Hi! I have two general questions about ports/sockets: Is an open socket (listed in Port Explorer as "listening UDP - local address 192.168.253.100/1030 (my pc) - remote 194.8.194.60/53 (netcologne.de/DNS)" really fixed to the remote the IP? What happens if any other ip sends data to this open port? - In case it will be ignored, who ignores it? The Windows TCP/IP-Stack or will the data get dropped by the program which opened the port? I have a Palm and the program (hotsync.exe) who syncs the data between the handheld and my pc opens a udp port listening at local address 0.0.0.0/14237 and remote *.*.*.*/* ... what does that mean? Is it an half open port (maybe the socket creation process is not completed?) where only the local part defined is? Can any IP/Port send Data to it? Im a little bit confused about that... Thanks in advance!

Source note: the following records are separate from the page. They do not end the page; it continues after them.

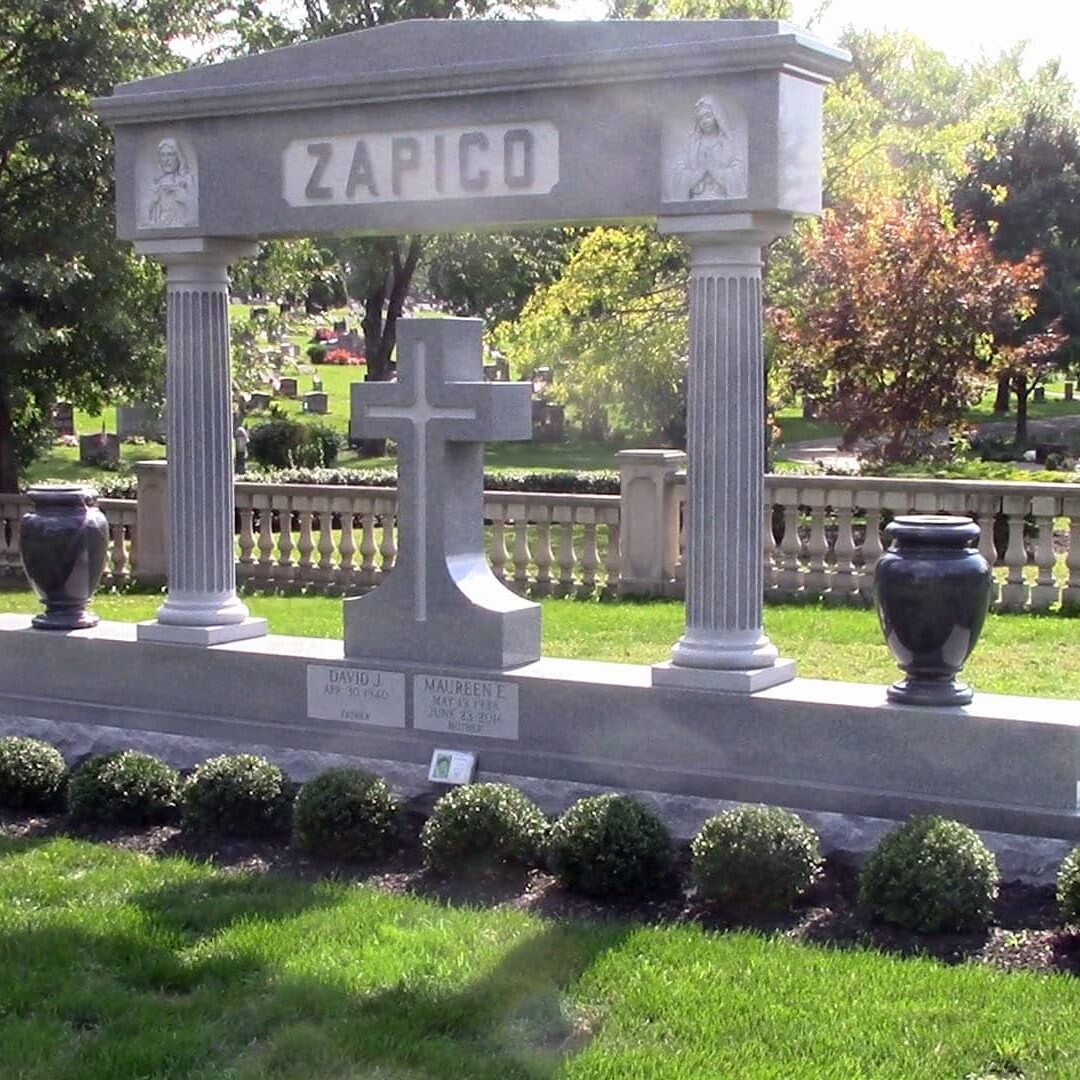 Upright cross memorial monument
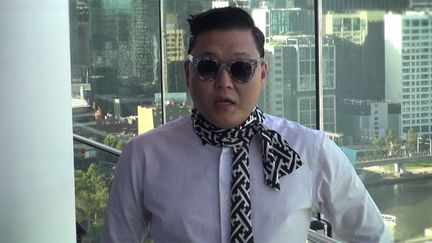 Psy annonce, dans son style ineffable, la sortie prochaine d'une chanson, ainsi qu'un futur live... (8/3/2013)
 (Capture d&#039;image YouTube)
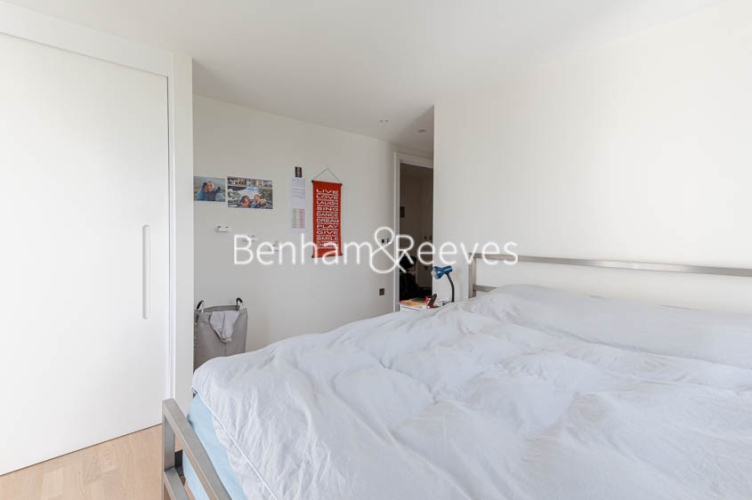 3  bedrooms flat to rent in Pump House Crescent, Brentford, TW8-image 9
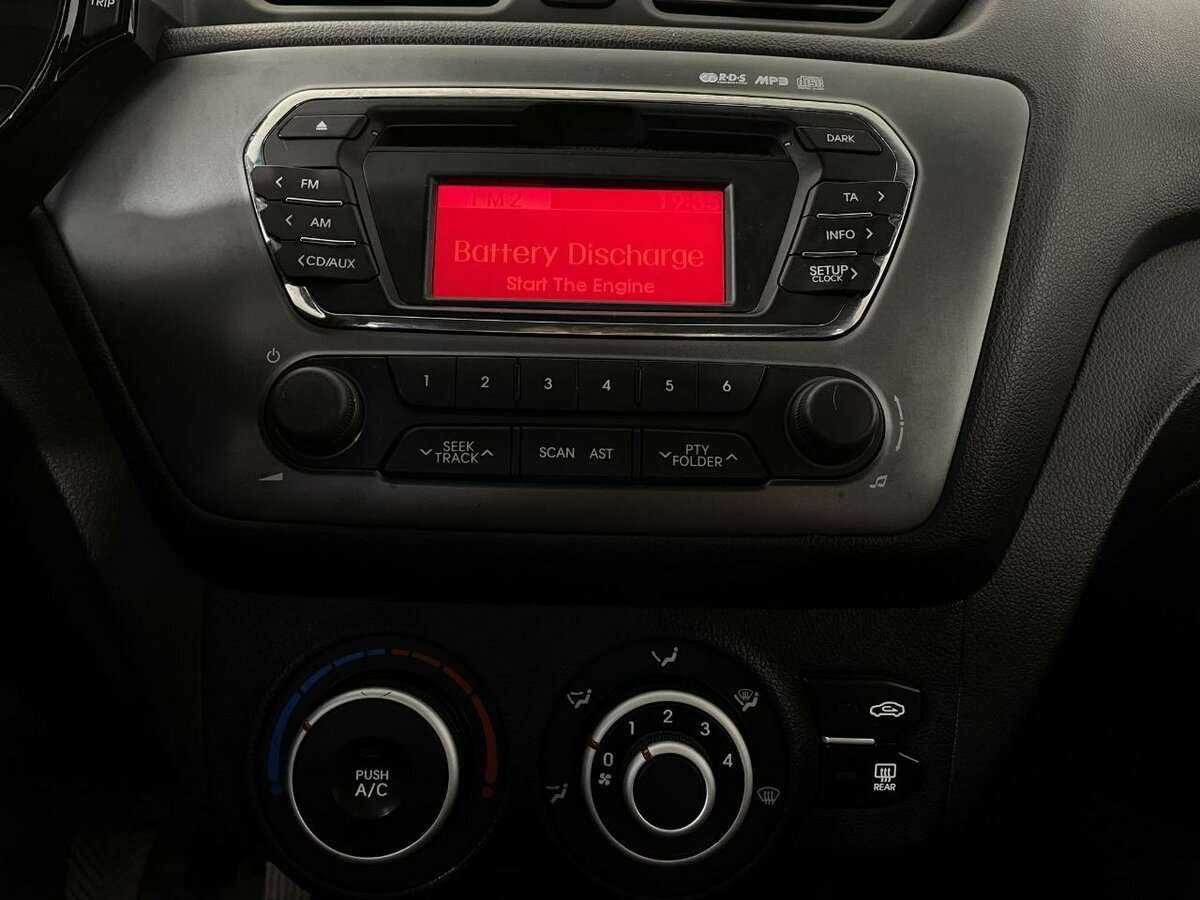 Купить Kia Rio с пробегом. Фото: #11
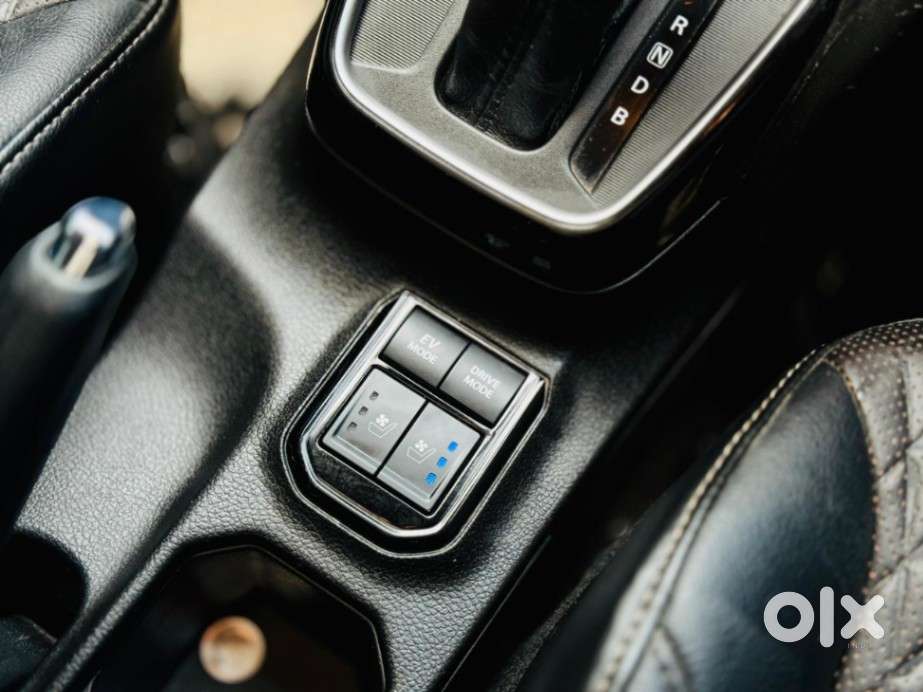 Maruti Suzuki Grand Vitara 1.5 Alpha Plus Intelligent Hybrid Ecvt, 2..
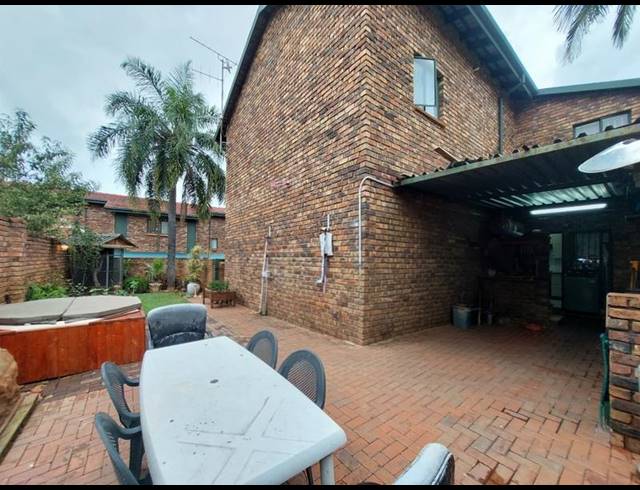 4 BEDROOM TOWNHOUSE FOR SALE IN MAGALIESKRUIN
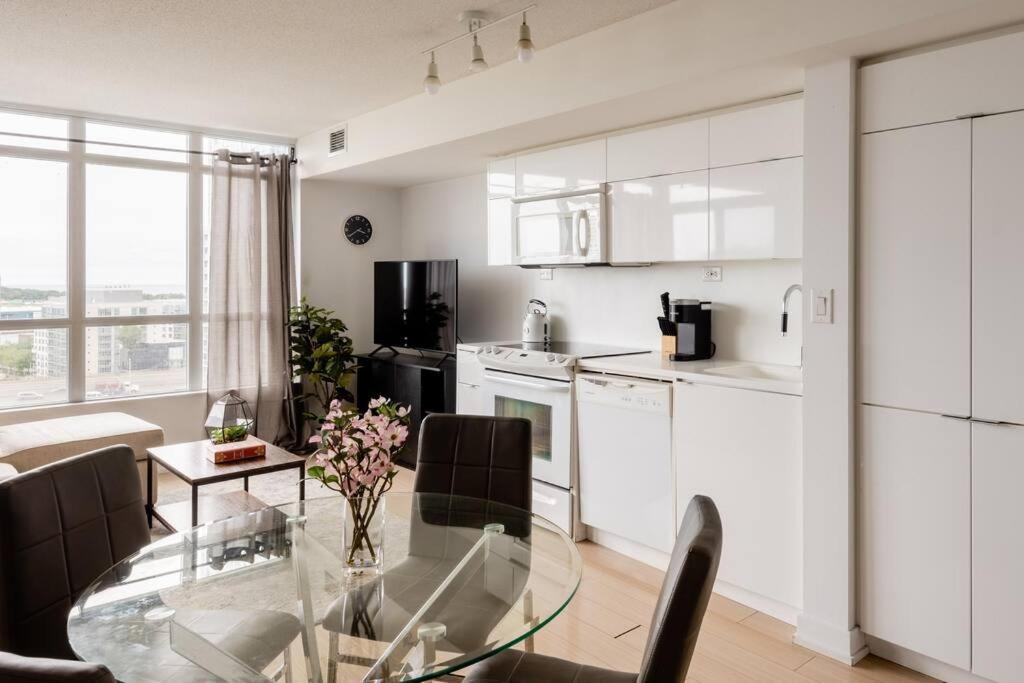 Stylish Downtown Lakeview Condo - One Free Parking Toronto Extérieur photo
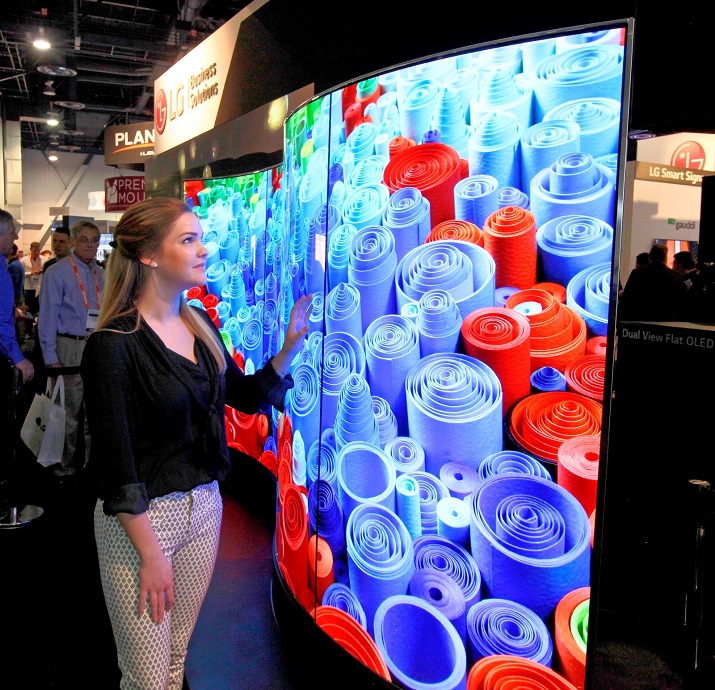 marketing curved digital displays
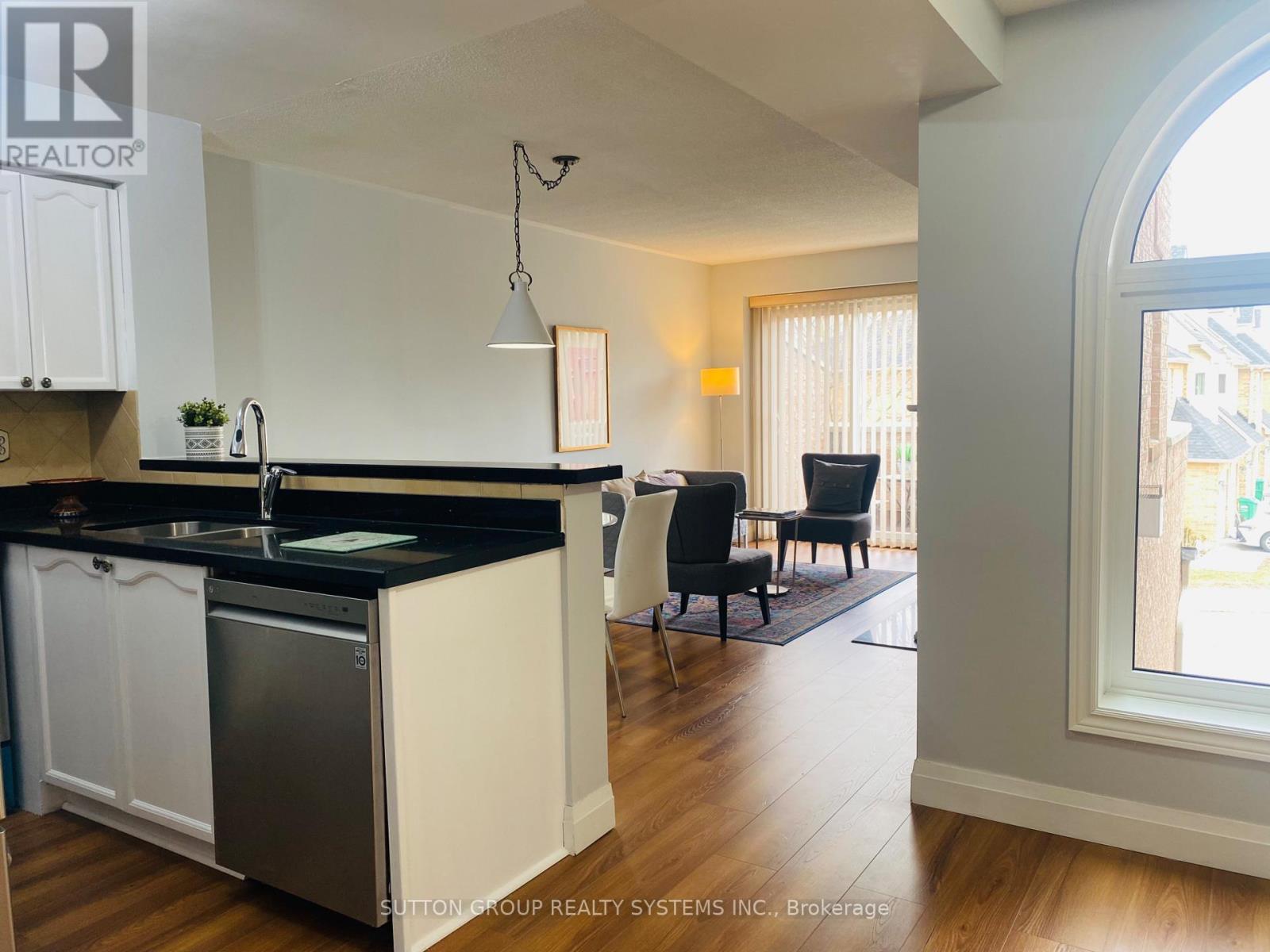 255 - 60 Barondale Drive, Mississauga, Ontario  L4Z 3N8 - Photo 5 - W12870040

Hi krutz ...welcome to Wilders Your example would appear to be a valid DNS request by your system. Your system initiated the DNS request using local port 1030 to remote address 194.8.194.60 on remote service/port 53 (DNS). The local port on your system would be "fixed" to this remote address and port as long as it takes for the established DNS querry to finish. Once the established connection is finished the local port (1030) is closed. If you have a firewall in place, any unsolicited packets and those not part of a valid connection would be dropped/blocked. hotsync.exe is acting as a server on your system and opened UDP port 14237 in order to listen for inbound connections from the Palm. If your system is not protected by a firewall, this UPD port would be open to the network (Internet), and vulnerable to any exploits hotsync.exe may have. Regards, CrazyM
Great Answer Crazy M Port Explorer is one very good user friendly tool, certainly helped me understand a lot more about the pitfalls of open connections and other port interactions.